> **Work to be completed**
Reproduce every record verbatim but drop the pictures.

*** Data provided Section Begins ***

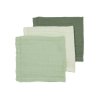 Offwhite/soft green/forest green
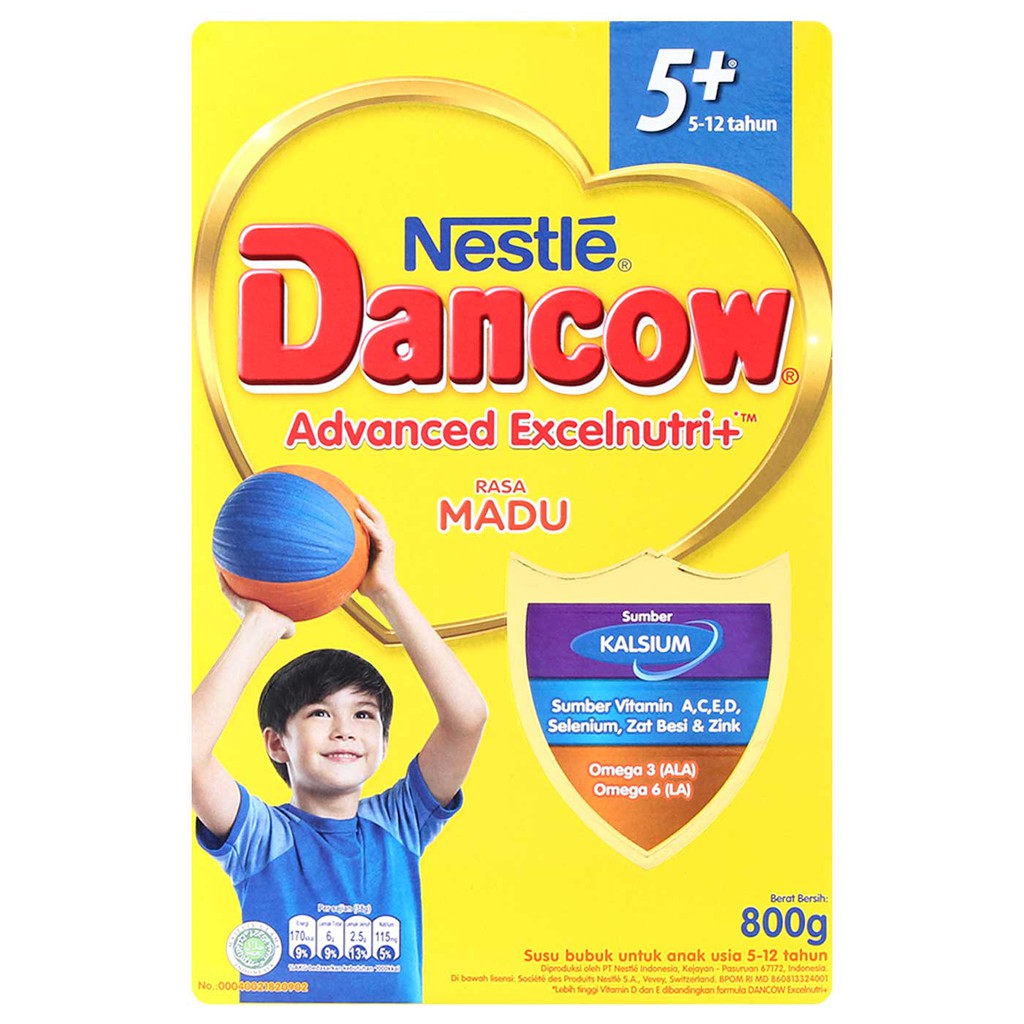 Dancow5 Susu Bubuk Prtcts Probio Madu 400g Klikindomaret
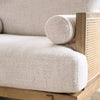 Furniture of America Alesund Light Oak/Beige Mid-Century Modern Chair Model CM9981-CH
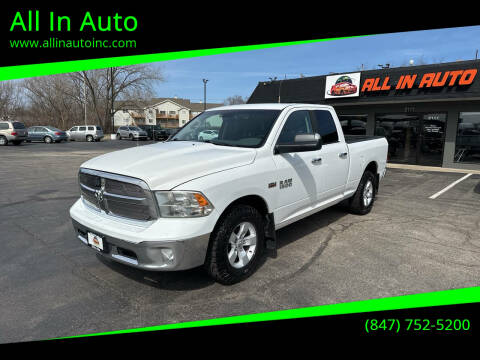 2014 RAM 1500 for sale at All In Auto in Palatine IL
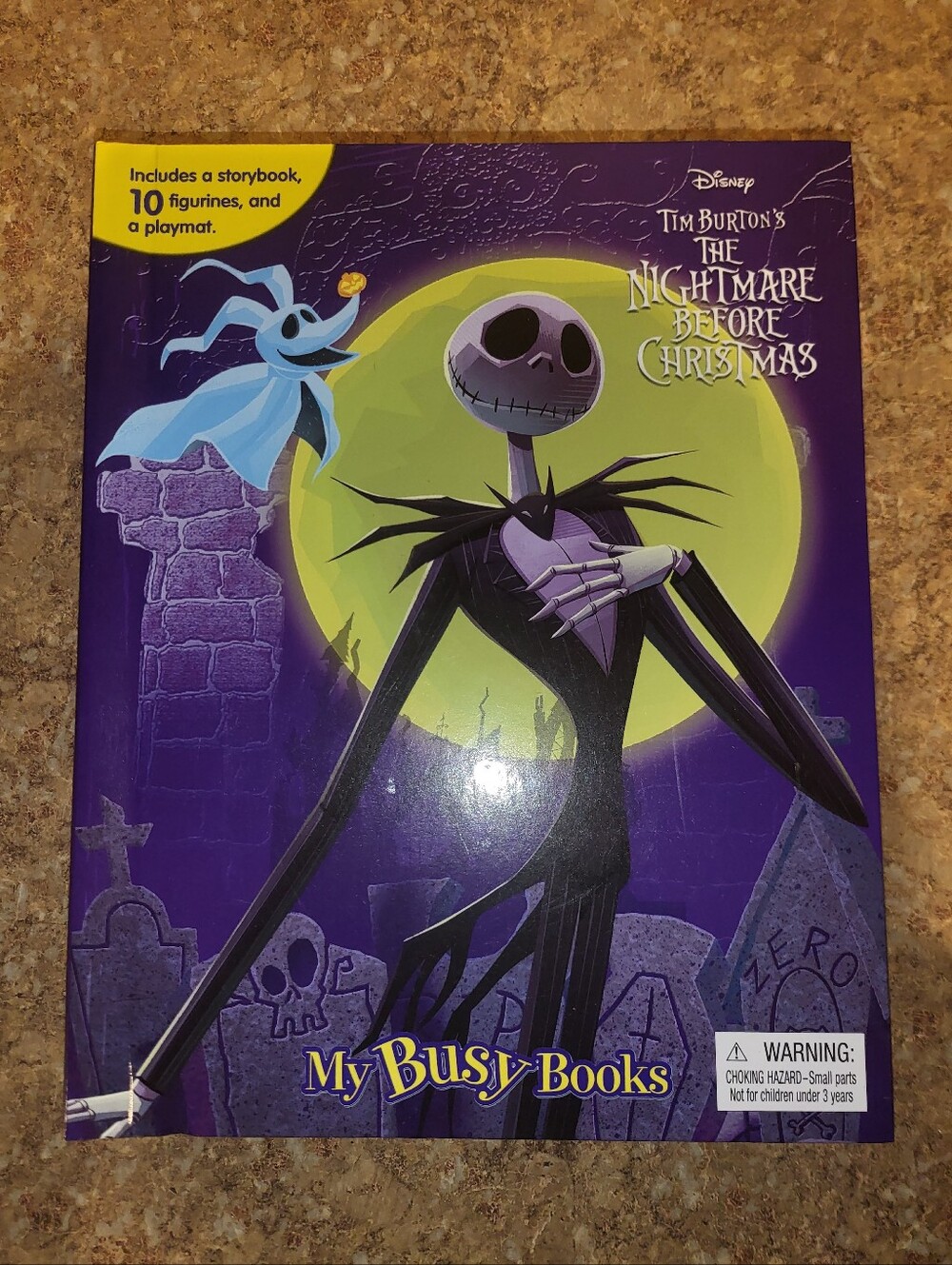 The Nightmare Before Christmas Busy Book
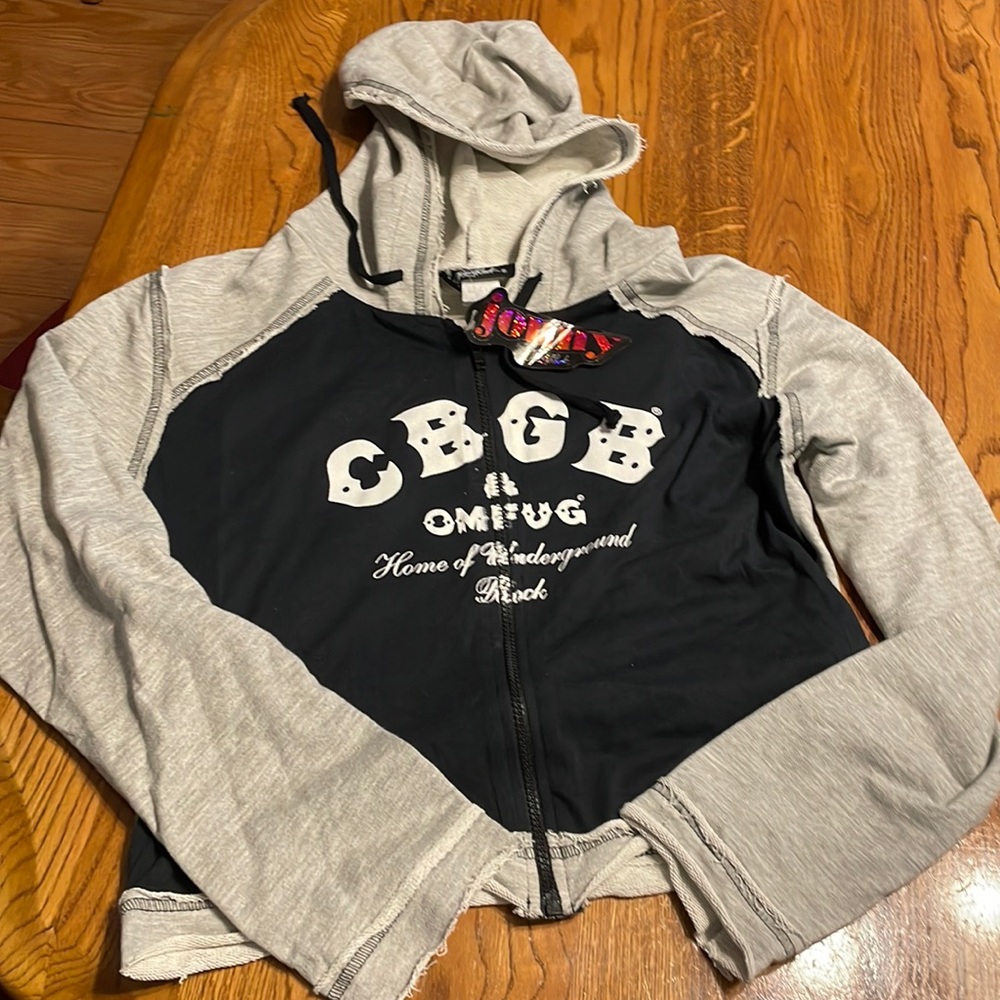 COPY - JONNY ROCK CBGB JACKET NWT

*** Data provided Section Ends ***

> **Exercise response**
 Offwhite/soft green/forest green
 Dancow5 Susu Bubuk Prtcts Probio Madu 400g Klikindomaret
 Furniture of America Alesund Light Oak/Beige Mid-Century Modern Chair Model CM9981-CH
 2014 RAM 1500 for sale at All In Auto in Palatine IL
 The Nightmare Before Christmas Busy Book
 COPY - JONNY ROCK CBGB JACKET NWT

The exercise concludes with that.